Larry
Summers verweist in einem lesenswerten Artikel in WaPo auf eine aktuelle IWF-Studie
über die Einkommenspolarisierung in den USA.
Die Autoren der Forschungsarbeit verwenden
standard-ökonometrische Techniken, um die Auswirkungen des Einkommensrückgangs der
Mittelschicht auf die gesamten Konsumausgaben zu schätzen.
Die Analyse kommt
zum Schluss, dass die Einkommenspolarisierung die privaten Ausgaben um mehr als
3% (rund 400 Mrd. USD pro Jahr) verringert.
Wenn das vorliegende Ergebnis einer genauen Prüfung
standhält, hat es wichtige wirtschaftspolitische Konsequenzen. Denn die
genannte Summe ist in der Tat enorm. Wenn die Verbraucher 3% mehr ausgeben
würden, gäbe es Spielraum für die Vollbeschäftigung und die Zinsen, sich wieder
dem neutralen Zinssatz (Gleichgewichtszinssatz) anzunähern, argumentiert
Summers.
Was wäre zum Beispiel eine wirtschaftspolitische
Implikation?
Der an der Harvard
University tätige Wirtschaftsprofessor sagt, dass es eine Reihe von
Möglichkeiten gibt, die Arbeitnehmerrechte zu stützen, von Tarifverhandlungsvereinbarungen
über Investitionen in die Infrastruktur bis zu einem progressiv gestalteten
Steuersystem.
Der gesamte Konsumrückgang von 1998 bis 2013 in
der US-Wirtschaft, Graph: IMF via
Larry Summers in WaPo
Wie sieht die Situation in Europa aus?
Heiner Flassbeck ist eine einsame Stimme unter den
Ökonomen in Deutschland, die seit Jahren wiederholt darauf hinweist, dass nicht
die Staatsschulden die Ursache der europäischen Krise sind, sondern die
Ungleichgewichte im Aussenhandel, die dadurch entstehen, dass alle Länder (aufgefordert
von Brüssel und Berlin) gleichzeitig versuchen, die Probleme mit internal devaluation (d.h. Lohnkürzungen und Sozialabbau) zu lösen.

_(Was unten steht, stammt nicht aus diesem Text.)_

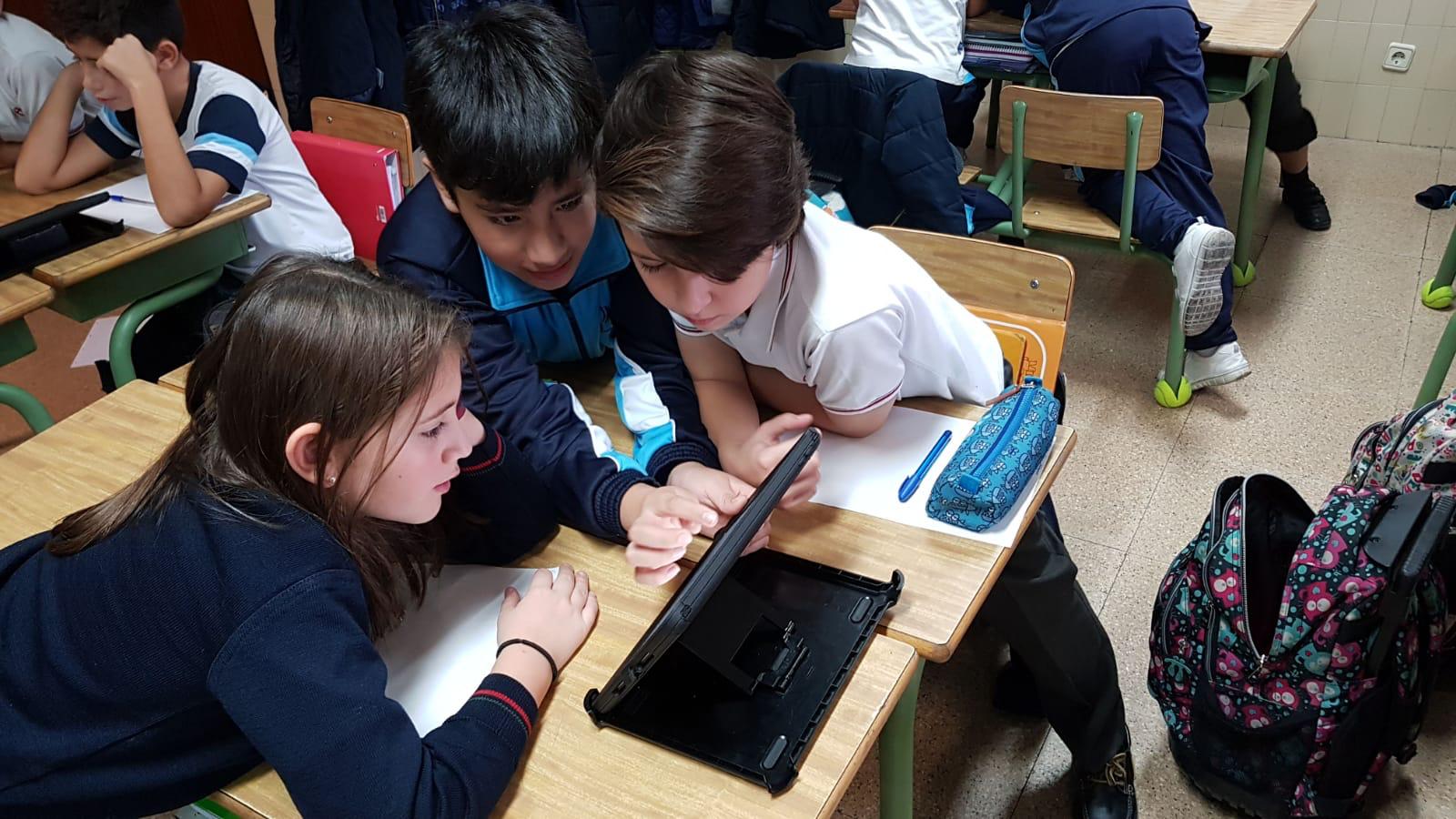 Alumnos de 5º primaria trabajando con iPads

Die Lohnmoderation verschlechtert zweifelsohne die
Einkommensaussichten, sodass die gesamtwirtschaftliche Nachfrage sinkt. Wenn gleichzeitig
auch die Unternehmen und die öffentliche Hand sparen, dann entsteht ein
Teufelskreis. Die Arbeitslosigkeit steigt.
Wenn obendrauf der Spitzensteuersatz gesenkt wird
und die Löhne der Bezieher niedriger Einkommen stagnieren, verstärkt die
Einkommenspolarisierung die oben beschriebene Abwärtsspirale weiter.
Die Ausweitung atypischer
Beschäftigungsverhältnisse mit unterdurchschnittlicher Entlohnung (genannt Arbeitsmarktreform)
führt dann zur Schrumpfung der Mittelschicht.
Woher soll dann das Wirtschaftswachstum kommen, wenn
die deutsche Bundesregierung im schwer angeschlagenen Umfeld der europäischen Wirtschaft krampfhaft eine „schwarze Null“ im Haushalt
durchsetzen will, während die Ersparnisse die Investitionen um 310 Mrd.
EUR (Leistungsbilanzüberschuss: ca. 9% des BIP) übersteigen?
Wer soll die Ersparnisse aufnehmen und investieren? In erster Linie sicherlich die privaten Unternehmen. Wenn sie sich aber weigern, dies zu tun, aus welchem Grund auch immer, dann bleibt nur ein einziger Akteur zurück: Der Staat.